The nature and consequences of coinfection in humans

Affiliations
Review

The nature and consequences of coinfection in humans

Emily C Griffiths et al. J Infect. 2011 Sep.

Abstract

Objective: Many fundamental patterns of coinfection (multi-species infections) are undescribed, including the relative frequency of coinfection by various pathogens, differences between single-species infections and coinfection, and the burden of coinfection on human health.
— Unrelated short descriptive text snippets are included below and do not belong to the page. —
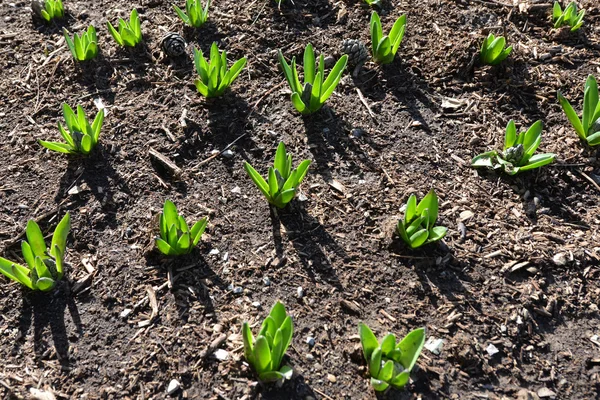 Gardening — Stock Photo, Image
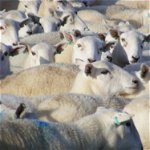 650 First Cross Ewes For Sale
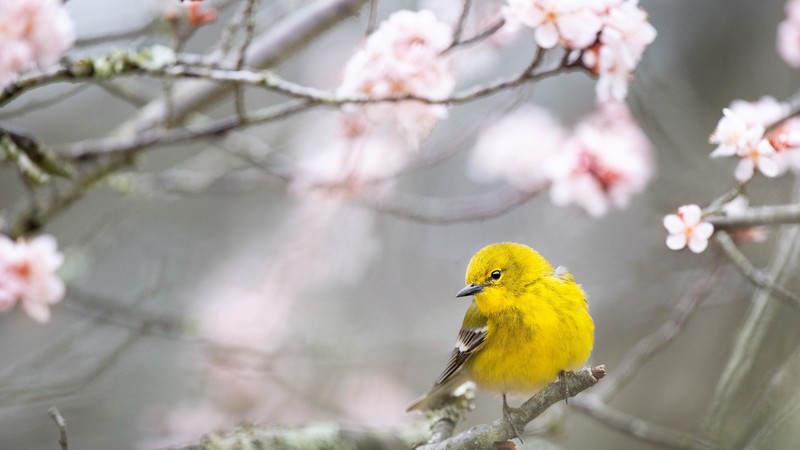 Pine Warbler, bird, yellow, 4K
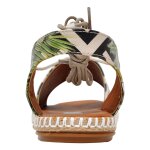 DOGO Hazel - Palm Fiction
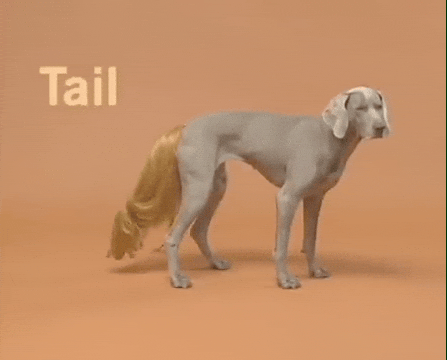 Happy William Wegman GIF by Jason Clarke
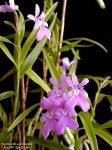 Oerstedella%20centradenia.jpg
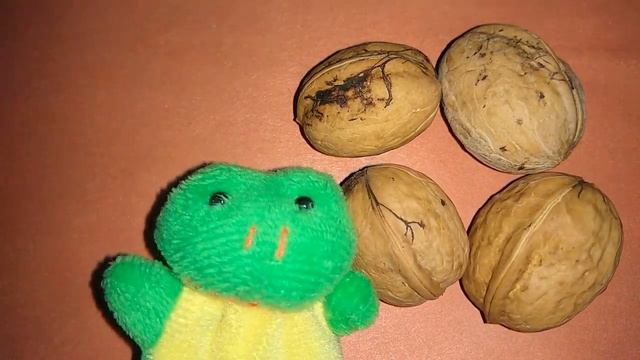 ЧЕМ ПОЛЕЗНЫ ОРЕХИ? Польза ОРЕХОВ для МОЗГА и УМА! смотреть онлайн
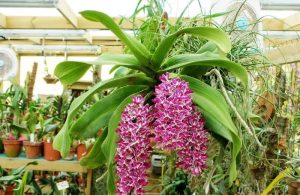 Lan Ngoc Diem 12 800x520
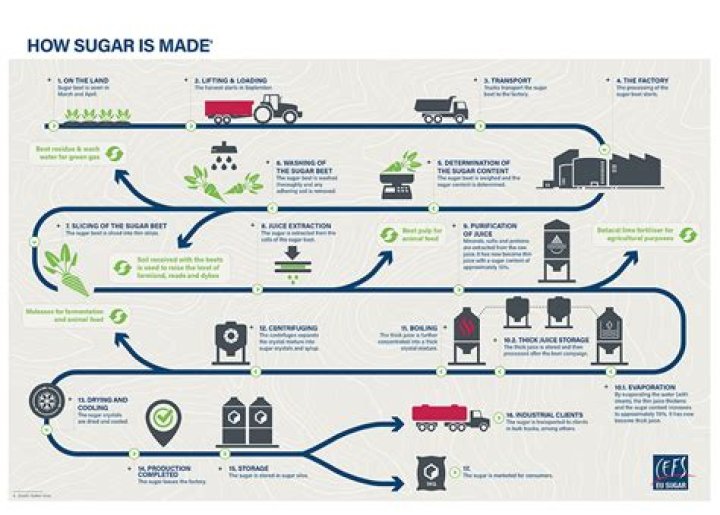 How is sugar produced step by step?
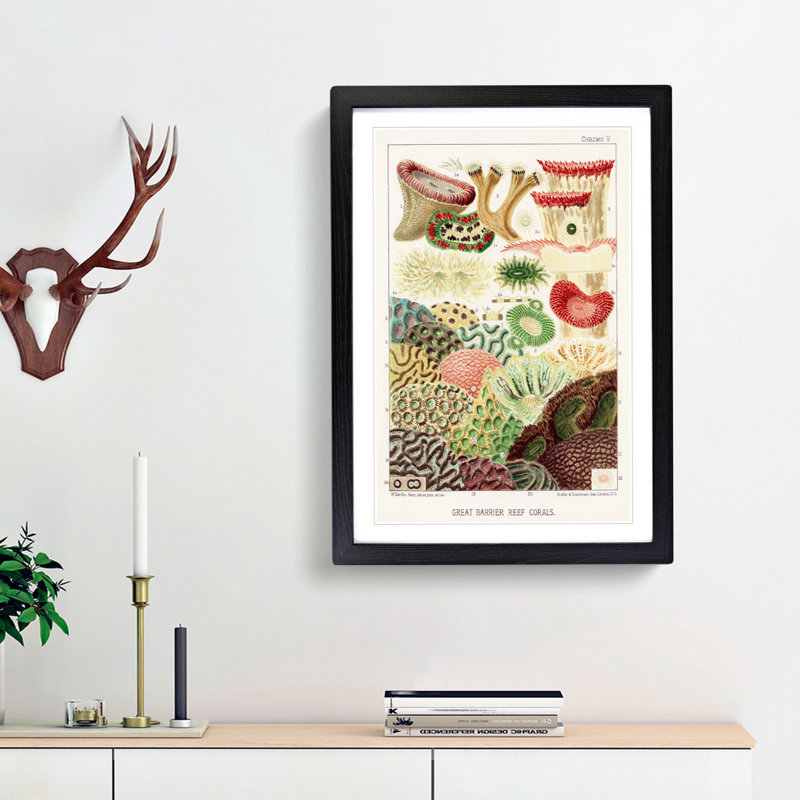 Great Barrier Reef Corals V by W. Saville-Kent - Framed Print, 36cm H x 27cm W x 2cm D, Black Framed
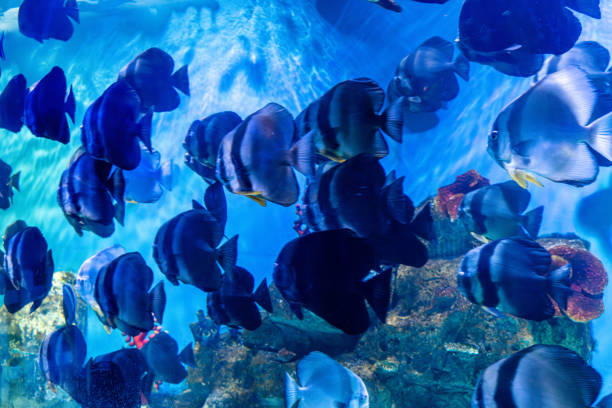 Tropical ornamental fish raised in aquariums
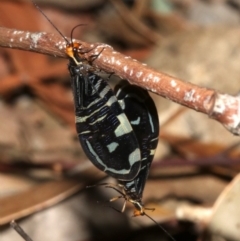 Porismus strigatus at Hackett, ACT - 3 Apr 2019 05:29 PM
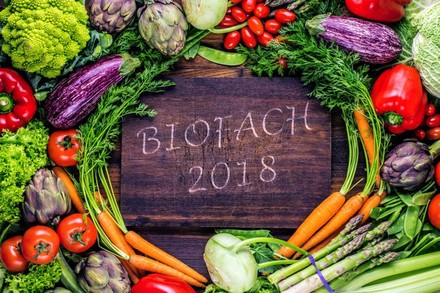 Ein Holzbrett auf dem BIOFACH 2018 steht umringt von frischem Gemüse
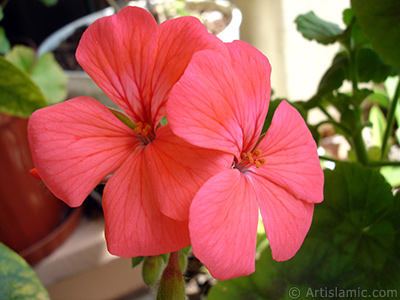 Krmz sardunya iei resmi. <i>(Ailesi: Geraniaceae, Tr: Pelargonium)</i> <br>ekim Tarihi: Mays 2005, Yer: stanbul-Annemin iekleri, Fotoraf: islamiSanat.net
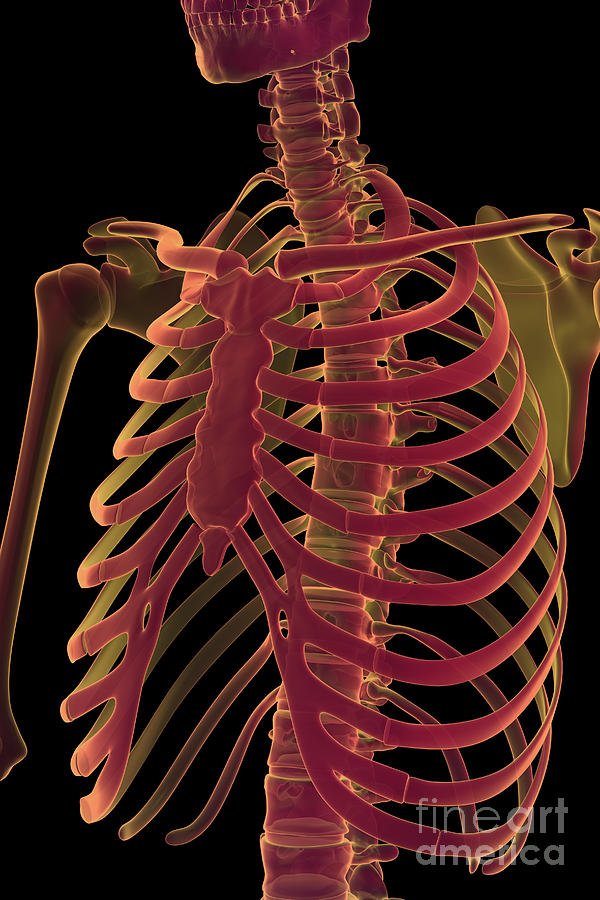 The Rib Cage #1 Photograph by Science Picture Co - Pixels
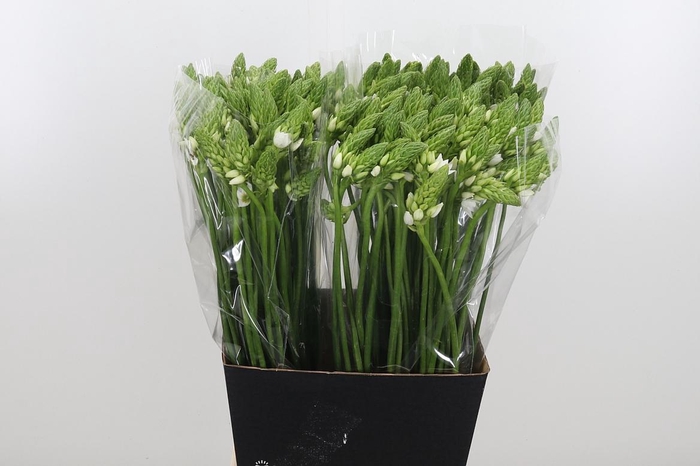 <h4>Ornithogalum Thyrsoides</h4>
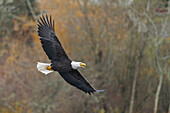 USA, Washington State. Bald Eagle (Haliaeetus leucocephalus) in flight over Lake Washington, Kenmore.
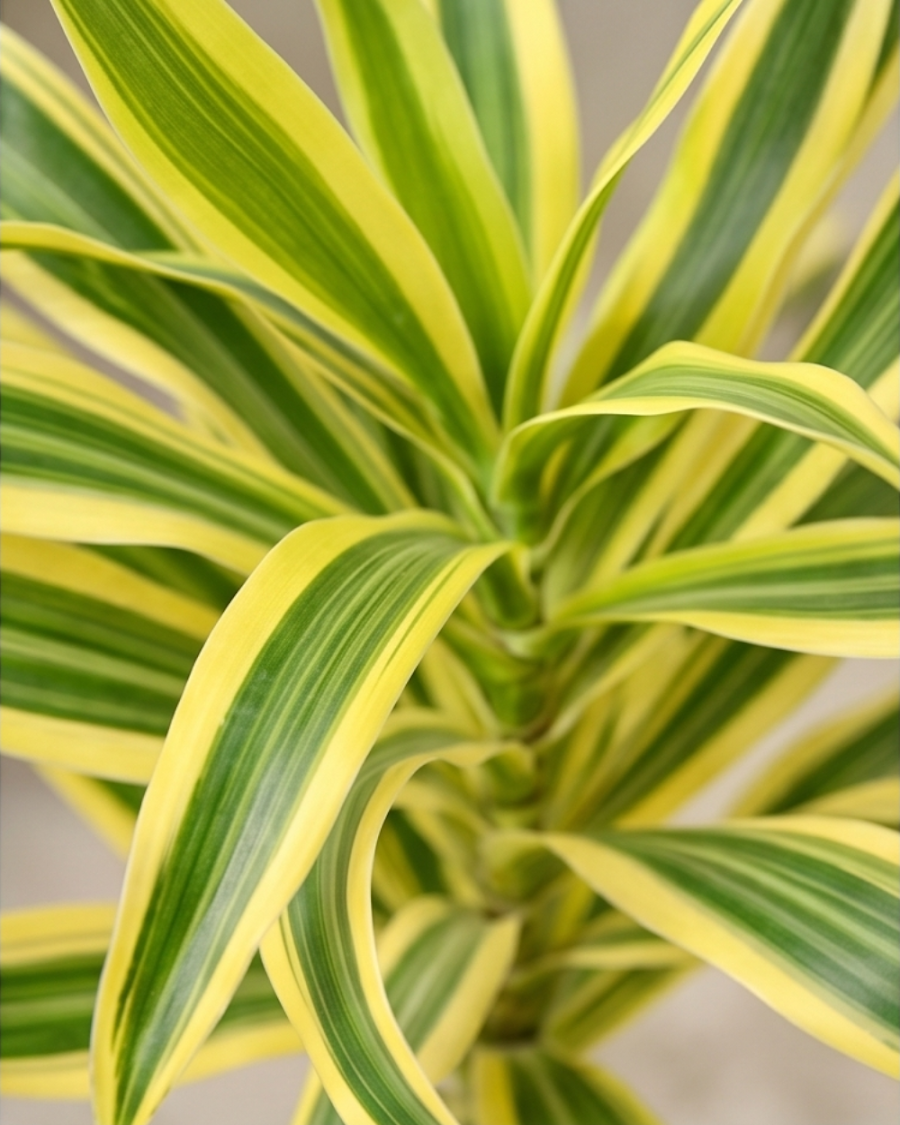 Song of India Plant — view 5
We aimed to address the paucity of general knowledge on coinfection by systematically collating and analysing data from recent publications to understand the types of coinfection and their effects.

Methods: From an electronic search to find all publications from 2009 on coinfection and its synonyms in humans we recorded data on i) coinfecting pathogens and their effect on ii) host health and iii) intensity of infection.

Results: The most commonly reported coinfections differ from infections causing highest global mortality, with a notable lack of serious childhood infections in reported coinfections. We found that coinfection is generally reported to worsen human health (76% publications) and exacerbate infections (57% publications). Reported coinfections included all kinds of pathogens, but were most likely to contain bacteria.

Conclusions: These results suggest differences between coinfected patients and those with single infections, with coinfection having serious health effects. There is a pressing need to quantify the tendency towards negative effects and to evaluate any sampling biases in the coverage of coinfection research.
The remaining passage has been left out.